*Task to complete:*
Look through the data below for the line with "HDD PCB logic" and the line with "view 5 of 6", then transcribe exactly from the first through the second, leaving out all pictures.

*Data supplied:*
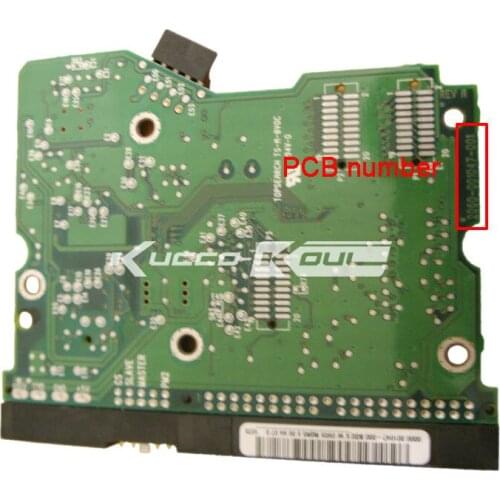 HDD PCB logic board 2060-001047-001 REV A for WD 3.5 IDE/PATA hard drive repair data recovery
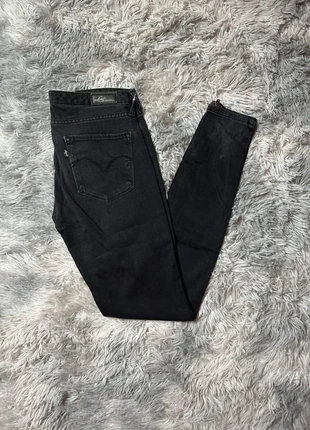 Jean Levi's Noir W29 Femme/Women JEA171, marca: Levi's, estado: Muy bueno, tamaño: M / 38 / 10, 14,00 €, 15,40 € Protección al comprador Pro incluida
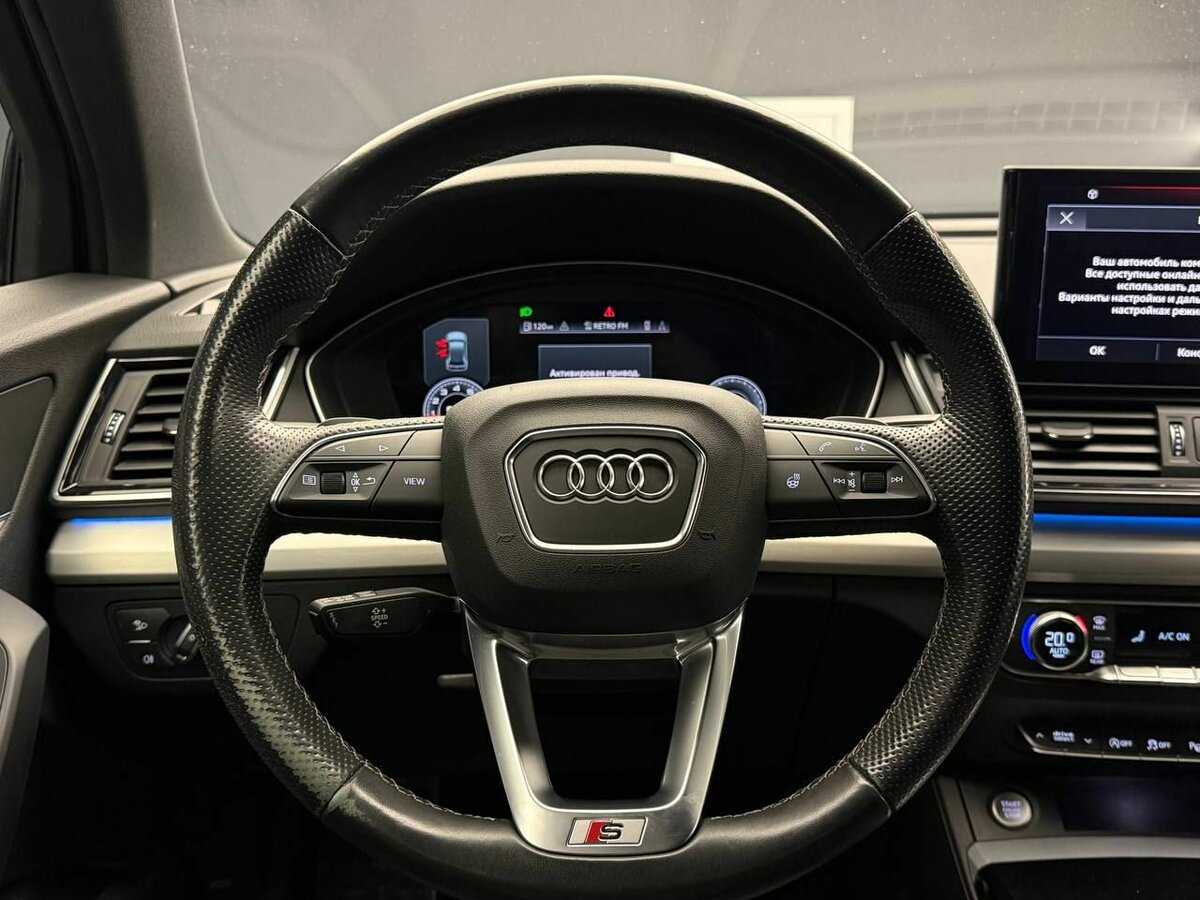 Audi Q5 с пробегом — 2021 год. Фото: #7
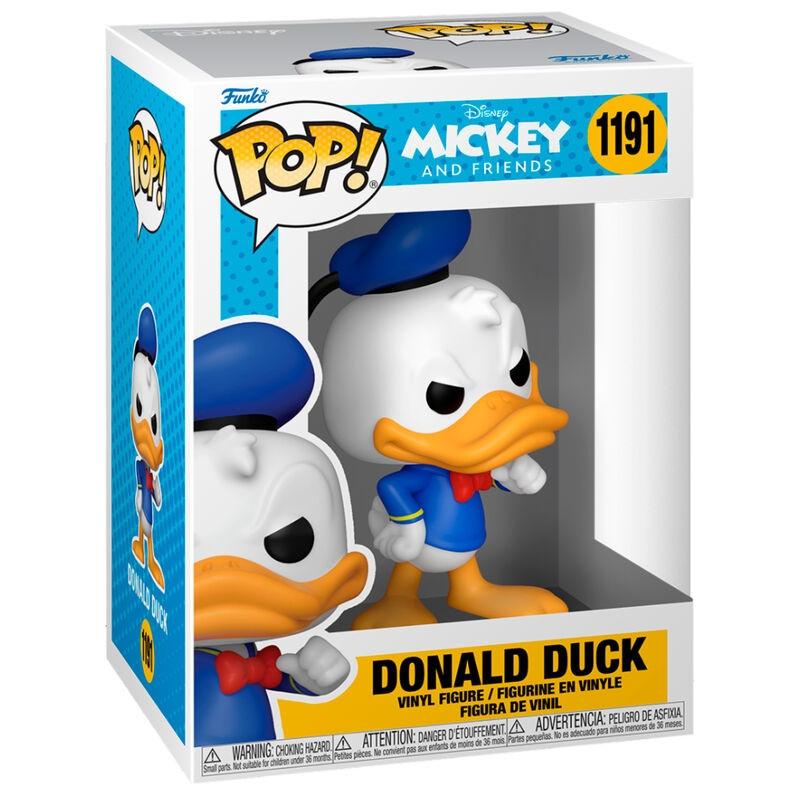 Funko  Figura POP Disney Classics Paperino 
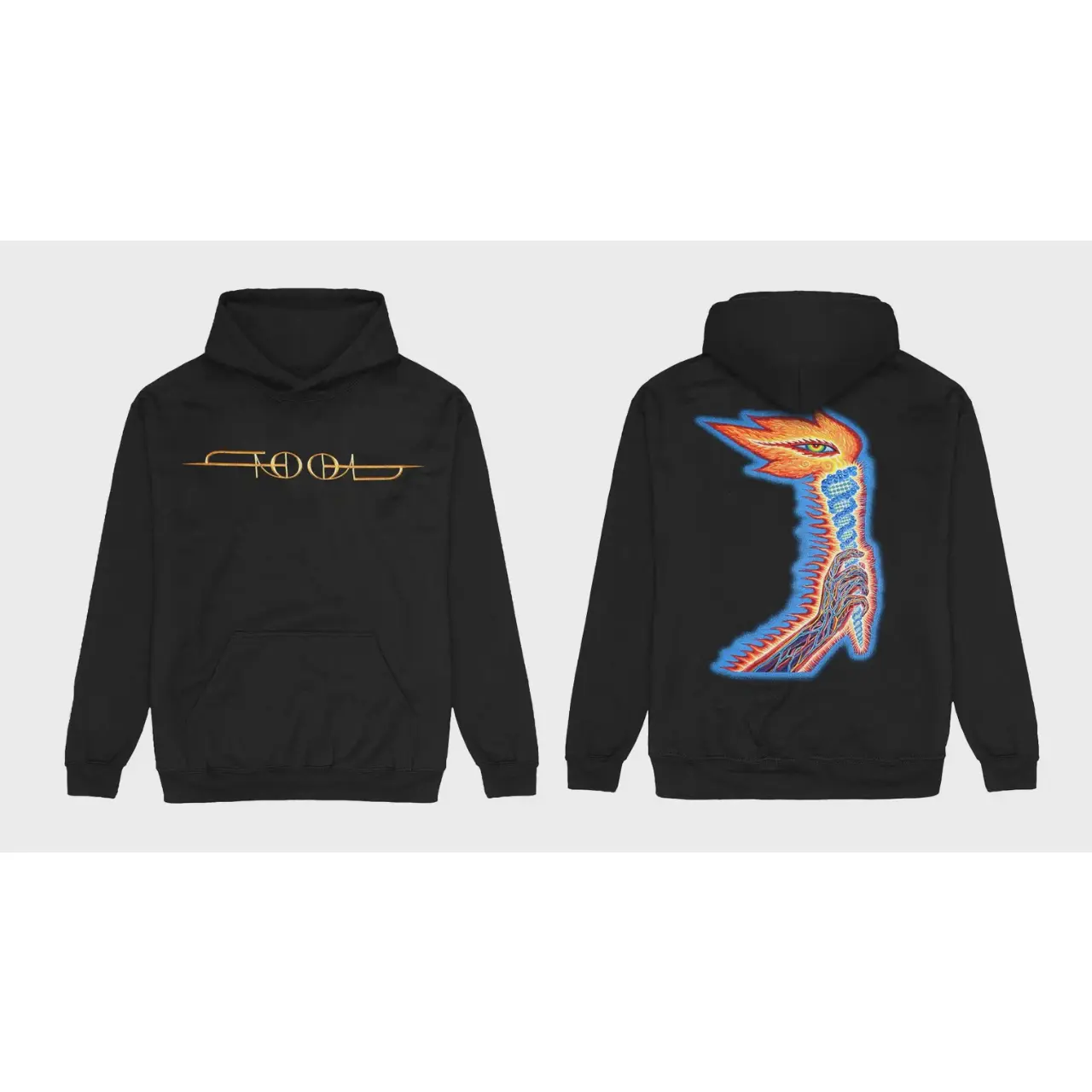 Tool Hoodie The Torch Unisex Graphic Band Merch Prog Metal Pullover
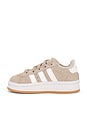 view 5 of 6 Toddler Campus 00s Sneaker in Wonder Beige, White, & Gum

---

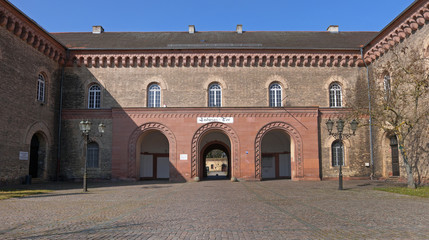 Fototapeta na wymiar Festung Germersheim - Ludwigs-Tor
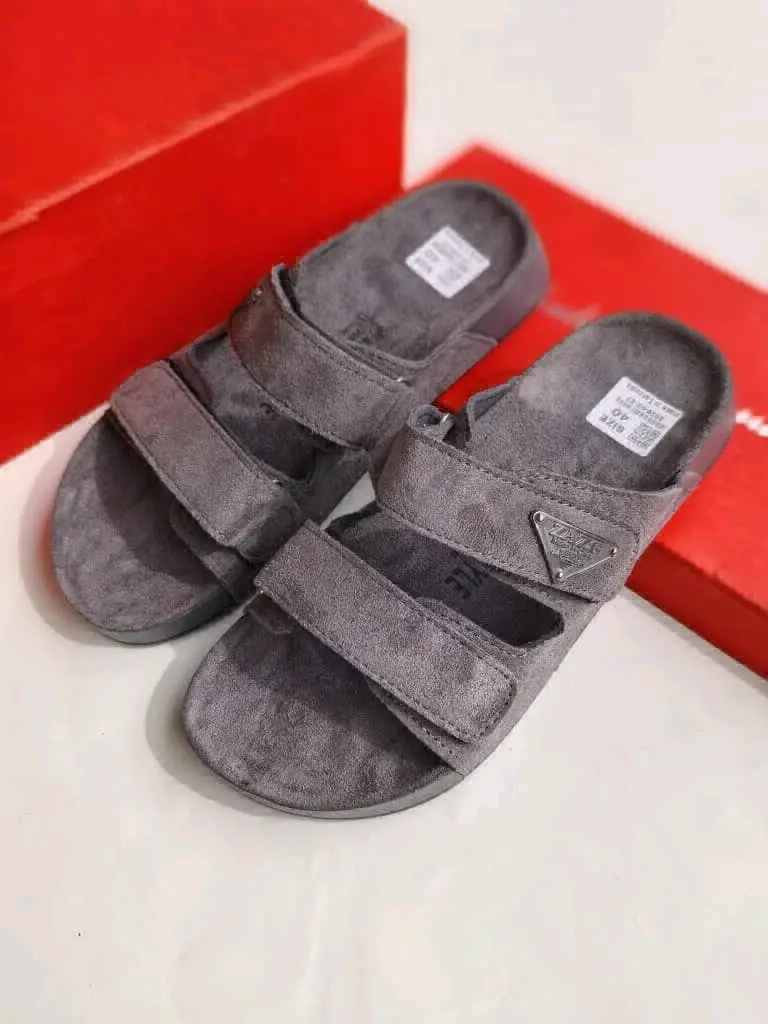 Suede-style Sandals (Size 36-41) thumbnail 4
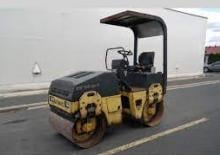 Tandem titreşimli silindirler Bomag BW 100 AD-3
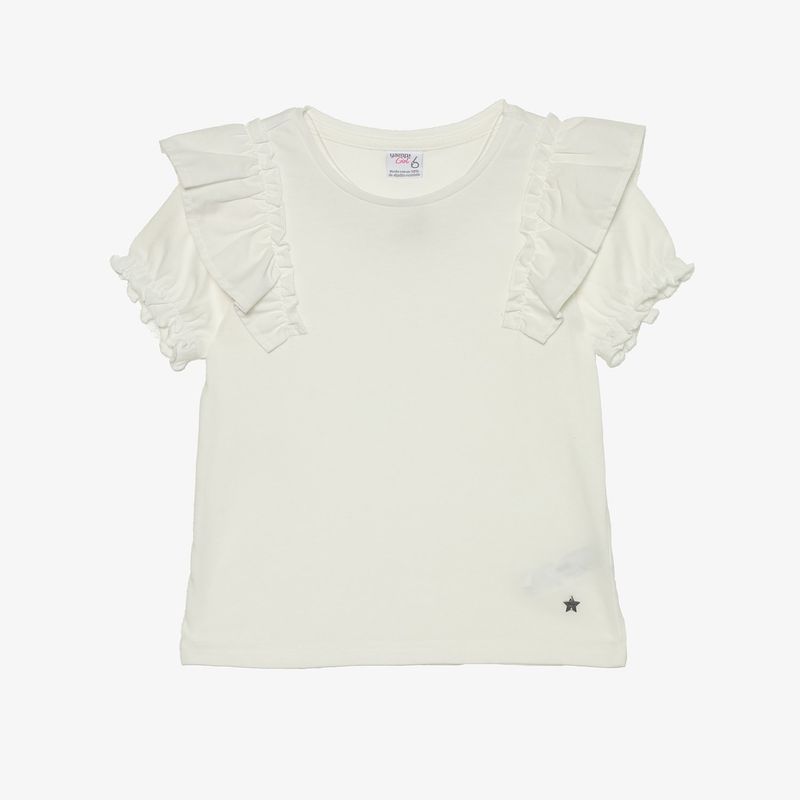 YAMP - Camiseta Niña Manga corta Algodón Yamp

*Answer box:*
 HDD PCB logic board 2060-001047-001 REV A for WD 3.5 IDE/PATA hard drive repair data recovery
 Jean Levi's Noir W29 Femme/Women JEA171, marca: Levi's, estado: Muy bueno, tamaño: M / 38 / 10, 14,00 €, 15,40 € Protección al comprador Pro incluida
 Audi Q5 с пробегом — 2021 год. Фото: #7
 Funko  Figura POP Disney Classics Paperino 
 Tool Hoodie The Torch Unisex Graphic Band Merch Prog Metal Pullover
 view 5 of 6 Toddler Campus 00s Sneaker in Wonder Beige, White, & Gum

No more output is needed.